Abstract Objective. The purpose of this study was to investigate the effect of immunosuppressants on the incidence of and risk factors for symptomatic benign prostatic hyperplasia (BPH) in relative-donor kidney transplant recipients. Material and methods. A retrospective cohort study was performed to determine the incidence of symptomatic BPH in kidney transplant recipients according to standard diagnostic criteria, the expression levels of keratinocyte growth factor, transforming growth factor-β (TGF-β) and serum testosterone, and the CD4/CD8 ratio in T lymphocytes. Results.

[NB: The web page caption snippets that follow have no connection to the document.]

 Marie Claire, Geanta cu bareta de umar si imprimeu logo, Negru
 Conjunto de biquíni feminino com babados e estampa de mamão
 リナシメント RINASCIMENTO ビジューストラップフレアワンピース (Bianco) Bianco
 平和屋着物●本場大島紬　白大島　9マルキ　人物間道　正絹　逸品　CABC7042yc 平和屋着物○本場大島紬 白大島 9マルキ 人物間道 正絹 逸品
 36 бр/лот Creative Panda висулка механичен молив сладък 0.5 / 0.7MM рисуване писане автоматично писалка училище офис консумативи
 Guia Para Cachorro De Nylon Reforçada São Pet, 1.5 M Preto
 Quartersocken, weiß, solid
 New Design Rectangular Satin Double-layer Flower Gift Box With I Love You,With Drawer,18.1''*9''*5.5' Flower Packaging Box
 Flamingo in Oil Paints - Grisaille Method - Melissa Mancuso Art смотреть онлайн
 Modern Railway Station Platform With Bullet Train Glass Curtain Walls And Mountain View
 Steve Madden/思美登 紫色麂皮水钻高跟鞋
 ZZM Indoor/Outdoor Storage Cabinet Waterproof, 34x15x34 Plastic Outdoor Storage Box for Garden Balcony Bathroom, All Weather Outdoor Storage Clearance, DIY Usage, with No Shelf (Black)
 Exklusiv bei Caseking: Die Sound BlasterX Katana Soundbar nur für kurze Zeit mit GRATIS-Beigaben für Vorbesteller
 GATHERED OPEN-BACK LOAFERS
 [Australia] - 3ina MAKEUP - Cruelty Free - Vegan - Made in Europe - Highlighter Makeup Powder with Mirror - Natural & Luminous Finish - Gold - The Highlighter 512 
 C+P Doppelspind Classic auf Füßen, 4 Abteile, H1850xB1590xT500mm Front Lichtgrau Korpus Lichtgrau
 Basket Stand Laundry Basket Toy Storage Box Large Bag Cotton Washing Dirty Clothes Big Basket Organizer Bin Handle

The incidence of symptomatic BPH (50-59-year-old group, p = 0.010; 60-69-year-old group, p = 0.004; ≥ 70-year-old group, p = 0.032), testosterone level (50-59-year-old group, p = 0.045; 60-69-year-old group, p = 0.035; ≥ 70-year-old group, p = 0.041) and the CD4/CD8 ratio (50-59-year-old group, p = 0.013; 60-69-year-old group, p = 0.010; ≥ 70-year-old group, p = 0.015) of kidney transplant recipients with long-term calcineurin inhibitor (CNI) and prednisone use were all lower than those values in a normal group that had not received transplants. The TGF-β (p < 0.001) expression level was higher in kidney transplant recipients than in the non-transplant group, and the keratinocyte growth factor expression level was not statistically different between the kidney transplant recipients and the non-transplant group. Conclusions. Kidney transplant recipients with long-term CNI and prednisone use may have a low incidence of symptomatic BPH, which may be related to TGF-β and keratinocyte growth factor expression, testosterone levels and lymphocyte infiltration. Further high-quality prospective studies are needed to confirm these conclusions.